“Belki şimdi medyanın da etkisiyle bu oluyor ama anadoluda olunca genellikle batıda olan, yani egemen diyelim toplumun, öyle söyleyeyim, ekonomik yönden olsun, yaşam yönünde olsun… İşte anadoluda bir yerde deprem olmuş, vah vah denir geçilirdi. Ama 99 depremi ilk kez Marmara bölgesini vurduğu zaman dikkatleri üzerine topladı. Çünkü Marmara bölgesi ülkenin ekonomik gücünün olduğu, üretiminin yüzde 60’ının olduğu bir yer ve İstanbul’u da tehdit eder duruma gelince bizim gündemimize oturdu. Hatta o zaman hatırlarsınız, bir milat kabul edildi.”
“17 Ağustos 1999 bir milattır, bundan sonra hiçbir şey eskisi gibi olmayacak diye. Bu Maraş depremleri bir şey değiştirecek mi, milat mı diye soruyorsunuz ama 99 gibi olursa daha sonra bu da tekerrür eder, yani aynı vurdumduymazlık biraz daha taşınır.”

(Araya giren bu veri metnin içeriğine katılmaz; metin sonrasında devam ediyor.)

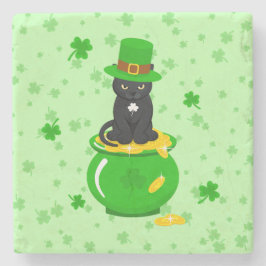 St. Patrick's Day Kleeblatt Pot of Gold Black Cat Steinuntersetzer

“Ama bence artık bu depremleri ciddiye alıp, üzerine çok konuşmaktan ziyade, nerede, ne zaman, nasıl, hangi büyüklükte olacak, nerede deprem bekliyorsunuz gibi gündemde bu sorular dolaşacağına Türkiye Cumhuriyeti hükümetleri, halkı, yerel yönetimleri bu depremi bu ülkenin en baş sorunu olarak düşünmeli ve Türkiye gündemine en önemli sorun olarak girmeli. Bundan daha önemli bir sorun ben göremiyorum.”
“Evet hukuk da çok önemli. Hukuk olmadan yani arzulanan demokratik devlet olmaz ama can güvenliği olmadan hukuk da olmaz. Yani bir devlet varsa vatandaşlarının veya o devleti kuran insanların can güvenliğini sağlamaktır, birinci görevi odur. Eğer vatandaşlarının can güvenliğini sağlamıyorsa devletin ne amacı olabilir ki anlamı da olmaz yani kimse de öyle bir devlet düşüncesini kabul edemez.”